A modified Look–Locker inversion recovery prototype sequence (work-in-progress sequence 488, Siemens Healthcare) was used for T1 mapping and performed in three short-axis slices at mid-diastole (basal, mid-LV, apical), before and 20 minutes postgadolinium contrast, in line with recommendations.26 Typical parameters were: bandwidth ~1090 Hz/pixel; flip angle 35°; TE 1.1 msec; inversion time (TI) of first experiment 100 msec; TI increment 80 msec; matrix 192 × 124 pixels; spatial resolution 2.2 × 1.8 × 8.0 mm; slice thickness 8 mm; scan time 17 heartbeats. Each study participant had a blood sample acquired prior to the MR scan in order to obtain a hematocrit.
LGE images covering the entire LV were acquired 10–15 minutes after intravenous injection of 0.15 mmol/kg of gadoterate meglumine (Gd2+-DOTA, Dotarem, Guebert, Villepinte, France) using segmented PSIR turbo fast low-angle shot. Typical imaging parameters were: matrix 256 × 156, flip angle 25°, TE 3.36 msec, bandwidth 130 Hz/pixel, echo spacing 8.7 msec, and trigger pulse 2. The voxel size was 1.8 × 1.3 × 8 mm3.
Image Analysis
Data analysis was carried out in a core lab by two researchers (cardiac MRI experience: K.M.: 5 years; M.M.L.: 3 years), utilizing dedicated software (Medis Suite V2.1, Medis Solutions, Leiden, the Netherlands) for LVEF (K.M.), T1 and ECV estimation (K.M.), infarct size (M.M.L.); freely available DENSEanalysis software27, 28 for DENSE-derived strain (K.M.); and Diogenes feature-tracking software (TomTec Imaging Systems, Germany) for cine strain analysis (K.M.). Imaging contours and data spreadsheets were reviewed by an observer (C.B.) with >10 years of cardiac MR experience.
Infarct Definition And Size
Infarction was defined by the occurrence of myocardial LGE revealed in orthogonal planes including phase swap acquisitions as appropriate by the scanning radiographers or fellow to rule out artifact. Microvascular obstruction was defined as a dark zone within an area of LGE.29, 30 The extent of late gadolinium enhancement (% LV mass) was assessed utilizing the full-width half-maximum thresholding method.31
Transmural extent of infarction and the presence/absence of microvascular obstruction (MVO) were also analyzed on a segmental basis at basal, mid-LV, and apical short-axis slices. The transmural extent of infarct was then binarized into LGE >50% (yes/no) and in view of recent data, LGE >75% (yes/no).4
Segmental T1 and Extracellular Volume Fraction Quantification
Color-coded T1 and extracellular volume (ECV) maps were generated based on inline-generated, motion-corrected raw images using QMap software V2.1 (Medis). Endocardial and epicardial contours were manually drawn and the LV was segmented according to the American Heart Association 16-segment model with respect to the anterior right ventricular insertion point. Segmental regions of interest comprising the middle 80% of the myocardial thickness with 10% myocardium omitted on the endo- and epicardial sides were constructed to avoid partial volume effects from neighboring tissue and blood pool.
Strain Analyses
The 2D DENSE images were analyzed off-line using DENSE analysis. Segmentation of the LV myocardium was performed semiautomatically after endo- and epicardial contours were drawn by K.M., using the anterior right ventricular insertion point as a reference. Spatiotemporal phase unwrapping was then carried out on the LV myocardium pixels, and displacement vectors were calculated.28, 32 Lagrangian strain was computed from these displacements and then projected into radial, circumferential (or longitudinal in long-axis acquisitions) directions relative to the LV center of mass.

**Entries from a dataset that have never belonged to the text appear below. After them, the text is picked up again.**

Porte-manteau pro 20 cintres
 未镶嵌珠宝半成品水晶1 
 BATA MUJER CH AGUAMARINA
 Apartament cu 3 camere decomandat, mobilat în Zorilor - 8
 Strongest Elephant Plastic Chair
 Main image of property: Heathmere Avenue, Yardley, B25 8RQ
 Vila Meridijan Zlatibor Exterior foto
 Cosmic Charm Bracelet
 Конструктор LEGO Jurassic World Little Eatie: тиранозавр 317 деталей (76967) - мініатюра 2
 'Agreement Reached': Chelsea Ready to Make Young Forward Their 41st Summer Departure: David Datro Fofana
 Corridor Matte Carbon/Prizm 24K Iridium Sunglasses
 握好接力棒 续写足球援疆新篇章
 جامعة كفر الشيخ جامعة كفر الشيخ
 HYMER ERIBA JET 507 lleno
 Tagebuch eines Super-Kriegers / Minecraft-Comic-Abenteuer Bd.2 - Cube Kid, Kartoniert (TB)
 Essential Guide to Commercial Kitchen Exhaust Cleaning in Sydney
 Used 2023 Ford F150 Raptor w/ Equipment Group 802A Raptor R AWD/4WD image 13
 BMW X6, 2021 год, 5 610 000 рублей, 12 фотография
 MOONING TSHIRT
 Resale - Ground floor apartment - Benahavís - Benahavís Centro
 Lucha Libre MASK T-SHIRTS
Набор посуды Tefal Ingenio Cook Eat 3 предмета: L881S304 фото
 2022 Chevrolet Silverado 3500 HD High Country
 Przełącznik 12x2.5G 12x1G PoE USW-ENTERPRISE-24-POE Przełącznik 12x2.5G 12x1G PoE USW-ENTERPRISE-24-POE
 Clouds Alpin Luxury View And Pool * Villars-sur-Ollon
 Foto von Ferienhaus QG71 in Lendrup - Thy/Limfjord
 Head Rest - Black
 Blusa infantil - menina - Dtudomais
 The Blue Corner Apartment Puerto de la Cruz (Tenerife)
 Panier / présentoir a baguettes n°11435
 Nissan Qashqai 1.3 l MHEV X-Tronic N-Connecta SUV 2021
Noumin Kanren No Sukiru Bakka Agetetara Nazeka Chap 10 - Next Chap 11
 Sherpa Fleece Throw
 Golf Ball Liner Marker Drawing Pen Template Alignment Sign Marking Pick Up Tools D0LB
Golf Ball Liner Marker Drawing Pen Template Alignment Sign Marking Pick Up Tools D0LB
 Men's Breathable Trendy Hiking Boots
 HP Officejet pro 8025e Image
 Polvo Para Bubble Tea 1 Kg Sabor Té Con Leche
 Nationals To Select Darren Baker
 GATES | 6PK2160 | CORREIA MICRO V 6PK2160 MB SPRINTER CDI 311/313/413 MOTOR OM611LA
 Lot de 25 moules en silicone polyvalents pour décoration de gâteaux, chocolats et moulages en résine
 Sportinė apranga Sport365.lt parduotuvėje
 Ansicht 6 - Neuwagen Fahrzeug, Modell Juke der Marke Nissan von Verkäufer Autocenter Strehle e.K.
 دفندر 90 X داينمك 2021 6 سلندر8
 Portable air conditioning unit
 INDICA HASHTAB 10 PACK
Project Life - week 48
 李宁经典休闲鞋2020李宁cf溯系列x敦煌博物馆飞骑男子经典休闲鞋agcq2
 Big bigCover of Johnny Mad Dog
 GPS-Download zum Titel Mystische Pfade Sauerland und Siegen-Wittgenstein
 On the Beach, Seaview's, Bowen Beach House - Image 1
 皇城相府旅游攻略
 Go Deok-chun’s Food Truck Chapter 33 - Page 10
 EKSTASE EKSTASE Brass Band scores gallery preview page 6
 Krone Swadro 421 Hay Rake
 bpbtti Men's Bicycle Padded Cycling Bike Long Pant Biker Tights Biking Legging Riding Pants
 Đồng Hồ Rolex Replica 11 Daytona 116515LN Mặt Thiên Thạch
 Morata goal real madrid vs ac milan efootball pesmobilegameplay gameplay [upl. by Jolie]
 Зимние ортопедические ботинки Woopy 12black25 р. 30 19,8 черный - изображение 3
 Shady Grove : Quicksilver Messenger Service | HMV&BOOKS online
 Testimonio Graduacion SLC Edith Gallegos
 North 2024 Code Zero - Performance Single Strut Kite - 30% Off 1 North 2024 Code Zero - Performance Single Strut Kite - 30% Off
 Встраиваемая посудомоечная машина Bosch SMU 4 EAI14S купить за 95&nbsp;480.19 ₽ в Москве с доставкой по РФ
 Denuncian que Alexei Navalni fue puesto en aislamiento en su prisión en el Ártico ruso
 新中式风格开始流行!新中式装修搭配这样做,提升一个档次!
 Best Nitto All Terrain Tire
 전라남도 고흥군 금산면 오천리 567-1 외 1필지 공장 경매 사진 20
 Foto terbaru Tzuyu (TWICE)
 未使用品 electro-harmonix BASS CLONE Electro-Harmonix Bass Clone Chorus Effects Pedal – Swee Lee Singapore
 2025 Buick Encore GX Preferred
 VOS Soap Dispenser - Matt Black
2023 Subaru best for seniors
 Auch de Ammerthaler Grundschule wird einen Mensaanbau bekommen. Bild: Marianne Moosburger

Diogenes feature-tracking software (TomTec Imaging Systems) was used to quantify strain from short-axis cine b-SSFP images. The same operator derived strain following a standard protocol taught by the software manufacturer.33 The relevant Digital Imaging and Communications in Medicine (DICOM) folders were loaded into the program. The endocardial border was contoured on the end-diastolic image. Strain was generated based on border displacement.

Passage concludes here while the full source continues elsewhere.